THE DATA section start

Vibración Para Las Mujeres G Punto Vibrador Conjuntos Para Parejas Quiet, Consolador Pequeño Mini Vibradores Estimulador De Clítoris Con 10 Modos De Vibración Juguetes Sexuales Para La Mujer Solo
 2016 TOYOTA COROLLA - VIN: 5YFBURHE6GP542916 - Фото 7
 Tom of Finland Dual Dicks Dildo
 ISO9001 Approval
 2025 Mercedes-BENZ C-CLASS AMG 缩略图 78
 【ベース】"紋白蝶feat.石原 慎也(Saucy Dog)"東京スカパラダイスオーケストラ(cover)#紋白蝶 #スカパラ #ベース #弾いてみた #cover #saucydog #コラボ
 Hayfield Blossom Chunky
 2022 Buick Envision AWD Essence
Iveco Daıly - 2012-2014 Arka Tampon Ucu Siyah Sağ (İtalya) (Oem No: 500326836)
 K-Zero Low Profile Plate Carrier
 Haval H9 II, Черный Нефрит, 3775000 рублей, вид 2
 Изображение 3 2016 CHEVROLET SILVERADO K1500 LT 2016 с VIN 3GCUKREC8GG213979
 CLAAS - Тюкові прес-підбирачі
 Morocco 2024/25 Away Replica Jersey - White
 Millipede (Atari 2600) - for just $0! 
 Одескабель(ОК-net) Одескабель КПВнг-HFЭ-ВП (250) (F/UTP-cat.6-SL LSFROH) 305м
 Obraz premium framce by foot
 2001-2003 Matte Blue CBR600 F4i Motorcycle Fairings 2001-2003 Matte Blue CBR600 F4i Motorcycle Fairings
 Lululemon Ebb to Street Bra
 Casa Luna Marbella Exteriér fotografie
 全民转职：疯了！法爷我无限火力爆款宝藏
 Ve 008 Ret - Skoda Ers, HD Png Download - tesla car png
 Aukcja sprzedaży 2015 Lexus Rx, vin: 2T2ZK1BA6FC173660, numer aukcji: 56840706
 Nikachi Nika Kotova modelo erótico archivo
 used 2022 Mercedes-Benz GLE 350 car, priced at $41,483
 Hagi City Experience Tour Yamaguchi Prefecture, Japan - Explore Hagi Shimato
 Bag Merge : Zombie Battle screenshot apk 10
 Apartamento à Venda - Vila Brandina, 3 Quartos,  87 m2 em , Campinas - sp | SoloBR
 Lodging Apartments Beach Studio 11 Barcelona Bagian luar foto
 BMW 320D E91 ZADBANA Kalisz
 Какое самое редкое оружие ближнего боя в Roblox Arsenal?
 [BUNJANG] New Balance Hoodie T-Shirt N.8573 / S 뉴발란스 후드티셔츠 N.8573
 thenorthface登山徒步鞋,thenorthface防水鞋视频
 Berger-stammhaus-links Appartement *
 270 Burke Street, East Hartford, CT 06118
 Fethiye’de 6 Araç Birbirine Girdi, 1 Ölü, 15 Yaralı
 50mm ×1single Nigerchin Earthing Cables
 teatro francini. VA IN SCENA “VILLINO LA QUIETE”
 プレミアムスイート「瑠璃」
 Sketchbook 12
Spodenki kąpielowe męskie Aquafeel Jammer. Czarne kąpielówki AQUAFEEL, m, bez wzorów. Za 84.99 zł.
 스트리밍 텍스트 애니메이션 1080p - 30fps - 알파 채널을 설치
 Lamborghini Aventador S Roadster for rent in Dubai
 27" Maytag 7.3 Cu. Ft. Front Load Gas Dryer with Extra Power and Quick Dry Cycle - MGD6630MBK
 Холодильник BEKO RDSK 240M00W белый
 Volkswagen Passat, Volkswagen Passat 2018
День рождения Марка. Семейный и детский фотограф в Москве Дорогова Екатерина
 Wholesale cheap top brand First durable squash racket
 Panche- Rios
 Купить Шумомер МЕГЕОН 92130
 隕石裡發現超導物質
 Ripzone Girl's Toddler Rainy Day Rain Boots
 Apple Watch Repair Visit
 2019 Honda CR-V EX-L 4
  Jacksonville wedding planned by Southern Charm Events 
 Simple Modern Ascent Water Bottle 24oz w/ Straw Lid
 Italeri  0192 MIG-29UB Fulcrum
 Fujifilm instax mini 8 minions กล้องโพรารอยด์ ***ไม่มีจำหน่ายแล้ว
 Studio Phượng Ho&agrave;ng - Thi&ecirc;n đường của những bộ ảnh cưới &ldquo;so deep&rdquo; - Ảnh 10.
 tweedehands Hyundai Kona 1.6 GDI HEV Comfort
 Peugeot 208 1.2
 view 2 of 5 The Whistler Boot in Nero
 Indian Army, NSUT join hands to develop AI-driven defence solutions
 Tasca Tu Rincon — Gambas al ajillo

THE DATA section end

TASK DESCRIPTION →
Find the line with "view 2 of 5 The Whistler Boot in Nero" in the data above. Restate it and all later lines word for word, ending with the last line.

WRITTEN SOLUTION →
 view 2 of 5 The Whistler Boot in Nero
 Indian Army, NSUT join hands to develop AI-driven defence solutions
 Tasca Tu Rincon — Gambas al ajillo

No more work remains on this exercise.